A sua afectação traduz, por isso, seja qual for a perspectiva, uma violação grave – não negligenciável – das regras aplicáveis.

 O tribunal deve, por isso, se não for atempadamente recolhido o assentimento do lesado, recusar a homologação do plano.

 Doutro passo, se coincidir a verificação de alguma das situações contempladas no nº1 do art. 216°, o credor lesado pode tomar a iniciativa de solicitar ao tribunal uma decisão de não homologação”.

Do art. 47º, nº4, als. a) e c) do CIRE resulta relevante a consideração de várias “classes de créditos sobre a insolvência” – a) “Garantidos” e “privilegiados” os créditos que beneficiem, respectivamente, de garantias reais, incluindo os privilégios creditórios especiais, e de privilégios creditórios gerais sobre bens integrantes da massa insolvente, até ao montante correspondente ao valor dos bens objecto das garantias ou dos privilégios gerais, tendo em conta as eventuais onerações prevalecentes; “subordinados” os créditos enumerados no artigo seguinte, excepto quando beneficiem de privilégios creditórios, gerais ou especiais, ou de hipotecas legais, que não se extingam por efeito da declaração de insolvência c) “Comuns” os demais créditos.”.

O art. 195º versa sobre o conteúdo do plano de insolvência e o art. 196º sobre providências com incidência no passivo.

O art. 196º:

“1 - O plano de insolvência pode, nomeadamente, conter as seguintes providências com incidência no passivo do devedor:

 a) O perdão ou redução do valor dos créditos sobre a insolvência, quer quanto ao capital, quer quanto aos juros, com ou sem cláusula “salvo regresso de melhor fortuna”;

b) O condicionamento do reembolso de todos os créditos ou de parte deles às disponibilidades do devedor;

c) A modificação dos prazos de vencimento ou das taxas de juro dos créditos;

d) A constituição de garantias;

e) Cessão de bens aos credores.

 2 - O plano de insolvência não pode afectar as garantias reais e os privilégios creditórios gerais acessórios de créditos detidos pelo Banco Central Europeu, por bancos centrais de um Estado membro da União Europeia e por participantes num sistema de pagamentos tal como definido pela alínea a) do artigo 2.° da Directiva n.° 98/26/CE, do Parlamento Europeu e do Conselho, de 19 de Maio, ou equiparável, em decorrência do funcionamento desse sistema.”

O art. 197º estipula:

Na ausência de estatuição expressa em sentido diverso constante do plano de insolvência:

 a) Os direitos decorrentes de garantias reais e de privilégios creditórios não são afectados pelo plano;

 b) Os créditos subordinados consideram-se objecto de perdão total;

 c) O cumprimento do plano exonera o devedor e os responsáveis legais da totalidade das dívidas da insolvência remanescentes.”.

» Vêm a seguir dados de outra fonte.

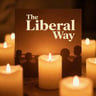 The Liberal Way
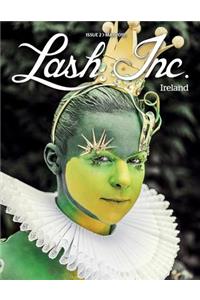 Lash Inc Ireland - Issue 2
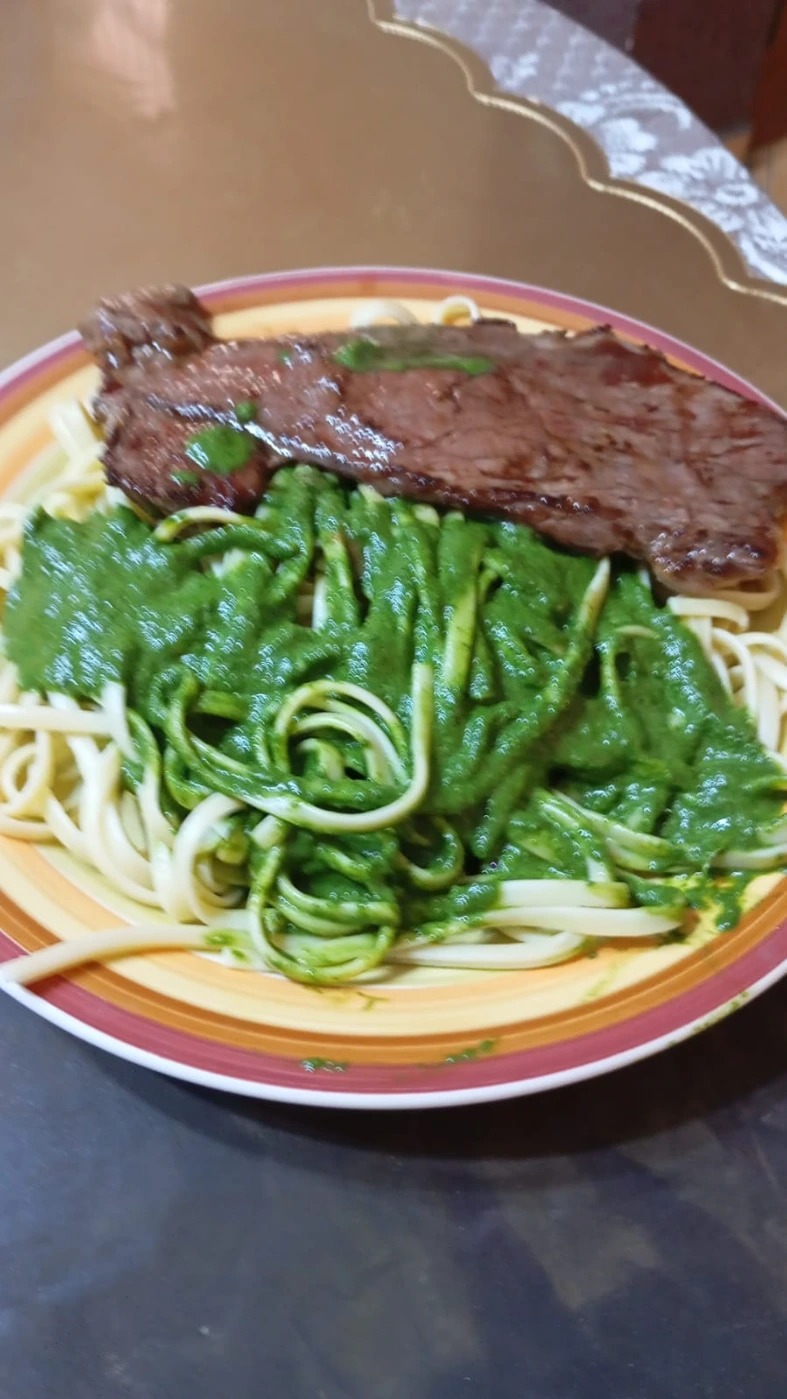 WhatsApp Image 2025-04-27 at 19.45.23 (1).jpeg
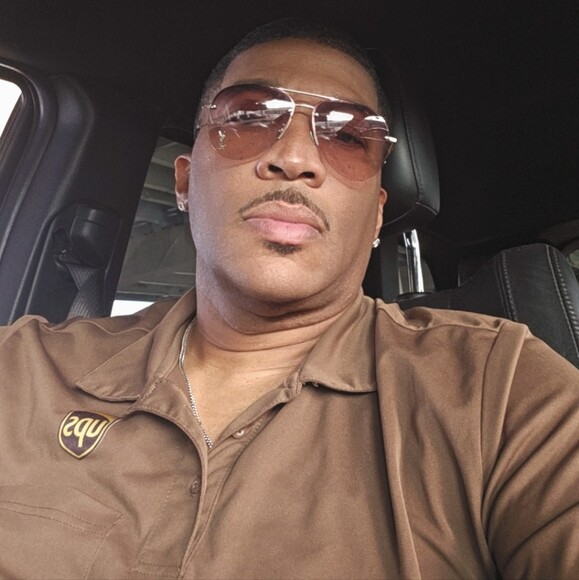 trayctray30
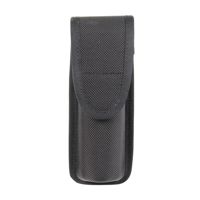 

Blackhawk MK4 Chemical Agent Pouch, Large, Molded Cordura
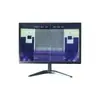 100 Novos Modelos de Prensas de Tela para Equipamentos de Reparo de Telas LCD de TV, Incluindo Prensas de Temperatura Constante para TV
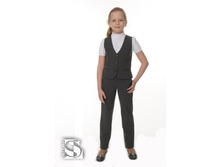 935���!!!!!����� ��� ������� ������ (��-858) 1100���.jpeg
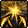Dire Stream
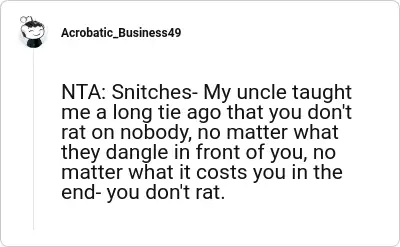 Image credit: Acrobatic_Business49 | Acrobatic_Business49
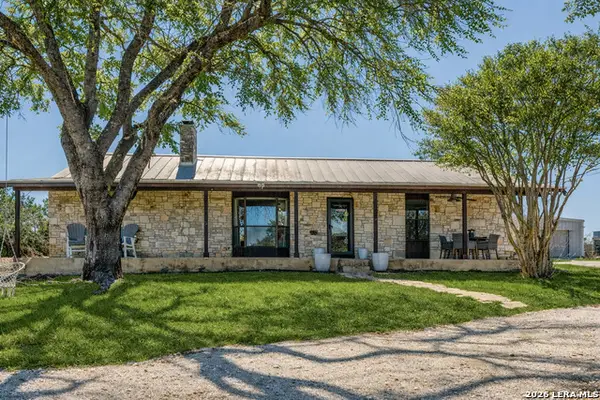 3045 Rimrock, Spring Branch, TX 78070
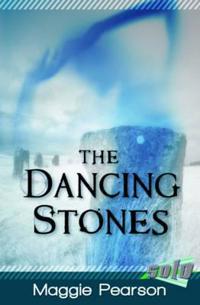 The Dancing Stones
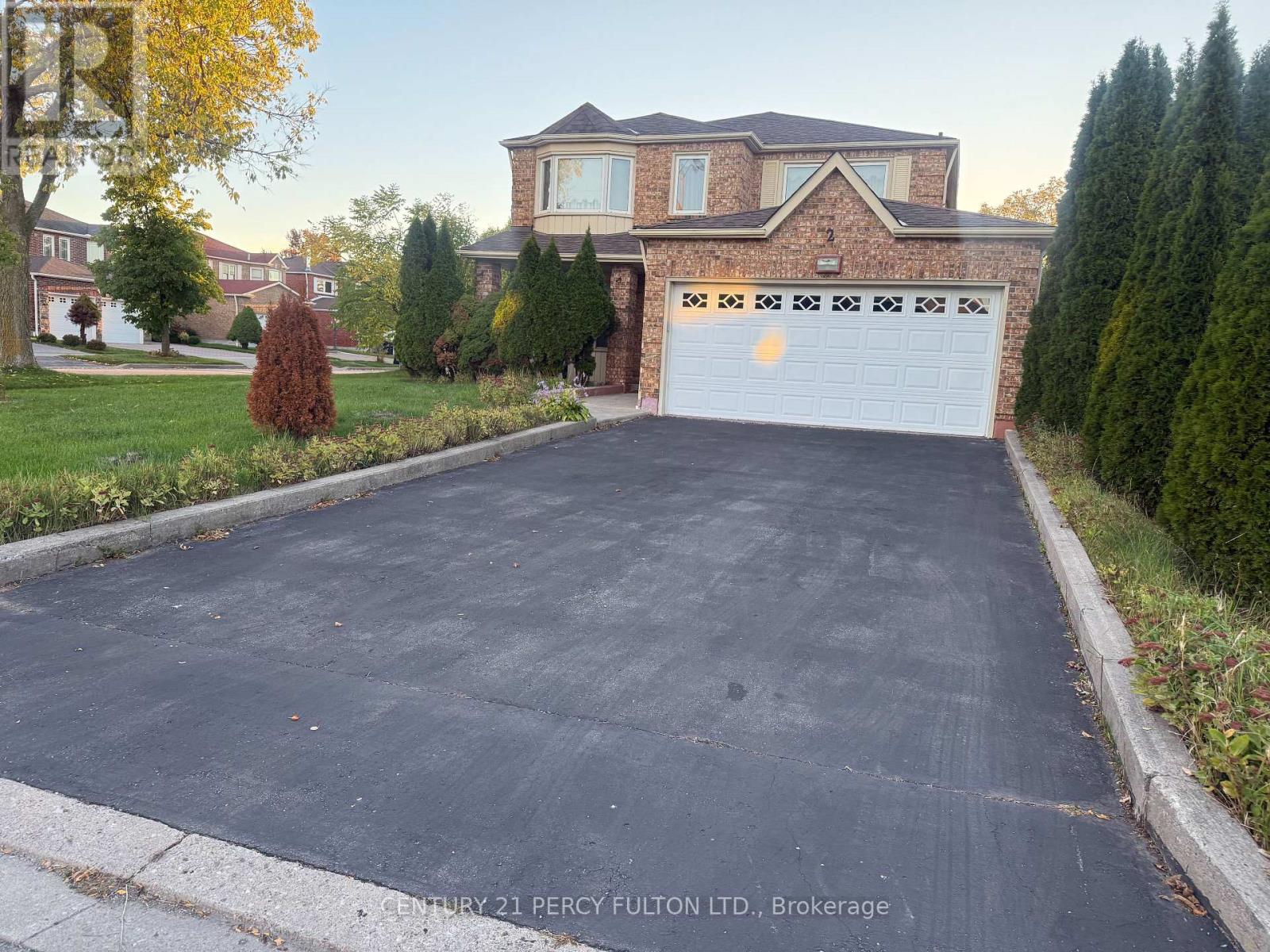 2 Littleborough Court, Toronto, Ontario  M1C 4S6 - Photo 46 - E12776632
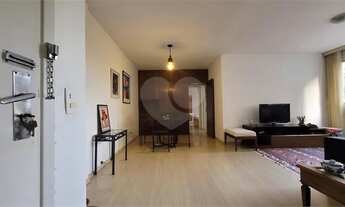 Imagem 2: Quot;Oportunidade imperdível! Apartamento com 2 dormitórios, sala ampla, cozinha espaçosa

A expressão “na ausência de estatuição expressa em sentido diverso constante do plano de insolvência”, atribui cariz supletivo ao preceito, o que implicita que pode haver regulação diversa, contendendo com os créditos previstos nas als. a) e b) o que deve ser entendido como afloração do princípio da igualdade e reconhecimento que, dentro da legalidade exigível, o plano pode regular a forma como os credores estruturam o Plano de Insolvência.  Só assim não será se não houver expressa adopção de um regime diferente.

Ora, no caso em apreço, a assembleia de credores aprovou, maioritariamente, com o quorum legalmente exigível – art. 212º do CIRE – um plano de insolvência por si moldado, pelo que não se aplica a regra supletiva do artigo 197º.

Os tratadistas citados, em anotação a tal preceito, escrevem.

“O proémio do preceito explicita inequivocamente o carácter supletivo da estatuição legal. Mas, como aí também se clarifica, o afastamento é possível através de determinação constante do próprio plano.

Isto vai ao encontro da ideia segundo a qual, sendo o plano um meio alternativo de prossecução do interesse dos credores, que afasta o recurso à liquidação universal do património do devedor, ele deve conter, na plenitude, a regulação sucedânea dos interesses sob tutela, seja para evitar incertezas que sempre poderiam advir da concorrência de acordos ou estipulações estranhas ao instrumento geral, seja por razões de transparência que aconselham que tudo fique devidamente explicitado para todos os credores poderem conhecer plenamente a situação e assim apreciá-la e valorá-la de modo a melhor fundamentarem a sua opção”. […] e mais adiante, a fls. 55 – nota 6 – […].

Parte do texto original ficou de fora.